I also cast on some super yummy Juniper Moon Farm Worsted Weight in a colorway I cannot remember (Aegean Sea?  Storm Cloud?  Dunno) using Brooklyn Tweed’s Guernsey Wrap pattern.  It is going to to be AMAZING.  The pattern is gorgeous and the color of this wool is just perfect.

The knitting has been a balm for my mind and soul as we deal with a lot of things around here, both good and bad.  There’s much going on, and there will be a few changes in the coming weeks.  You’ll have to stay tuned to see how that unfolds.

I also should admit I’ve become rather obsessed with the King Arthur Flour website.  I want to try every recipe and order all of the neat gadgets and ingredients that look oh – so – fun to bake with.  I haven’t given in to the impulse much, but I did do something that made sense.  I bought a 25 lb.bag of flour and a bucket for it.  This winds up being way cheaper than buying the 5 lb. bags at the grocery store like I’ve been doing, since I go through so much of it.  I  am also thinking about ordering up some of their gluten – free fare, since so many of my friends are living gluten – free these days.

That’s a big – ass bag o’ flour!

I wonder how long it will last in this house???

Owl Pellets!

Hey there, remember me??? The one who used to be great at posting all the time and now…..well, not so much.

Call it “Exhausted Brain Syndrome”.  It’s hard to be witty and funny and think of things to say when the kids have been giving you a hard time all day and all you want to do is drink a bottle of wine before bed but you can’t because you’re the responsible adult here so you have to act like it and OMG.

Okay.  Now that that’s out of my system let’s move on, shall we?

We’ve been chugging right along with our school work, though I will admit it’s not been easy.  Neve seems to be unable to really focus most of the time.  I’m not sure if it is just the age, or the fact that it’s me she’s working with, or if she really has an inability to maintain any attention long enough to  do her work.  In any case she requires a lot of patience and time in getting her lessons done.  Unless it is something she is truly interested in.

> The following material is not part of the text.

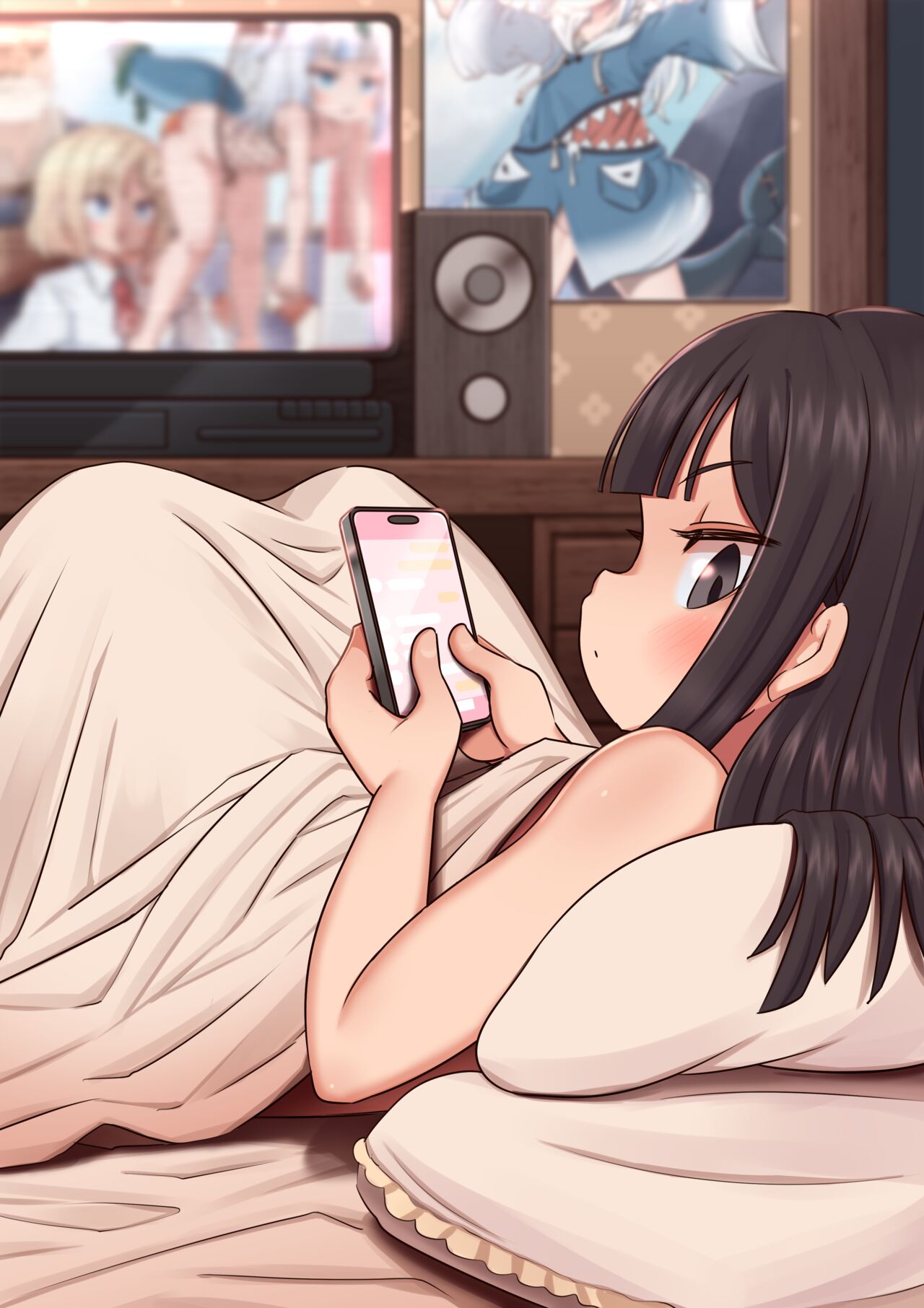 Futon no Naka de page 1 full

Like say, dissecting owl pellets.

Owl pellets, believe it or not, are easy to come by and dirt cheap to purchase for classroom use.  Basically, after an owl eats its meal, the indigestible  bones and fur and bits get vomited back up in the form of “pellets”.  We can then pull these pellets apart and see what the owl has eaten.

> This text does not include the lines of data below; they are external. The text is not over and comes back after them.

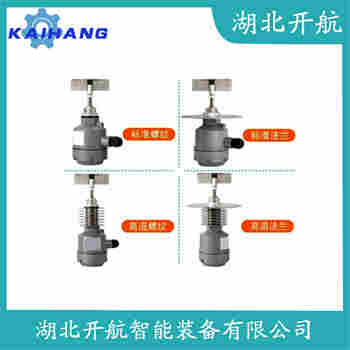 SWLC-110-NSEND 阻尼式料位開(kāi)關(guān)工作原理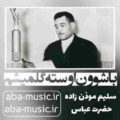 نوحه سلیم موذن زاده باشوون اوسته گلمیشم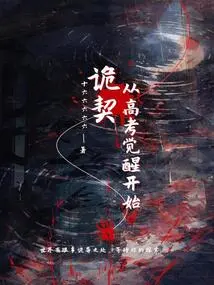 Strange Deed: Starting from the Awakening of the College Entrance Examination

We found many rodent skulls and bones in our pellets.  I was hoping maybe we’d find small bird bits as well, but o such luck.

Neve was shrieking with each new discovery, almost as though it were Christmas morning.

Emily was completely disgusted and wanted no part of it; she dissected hers as quickly as possible and then showered and disinfected herself.

Neve asked if she could keep the skulls.

She also wants me to order a bunch more pellets.

If only she’s be this interested in all of her school work!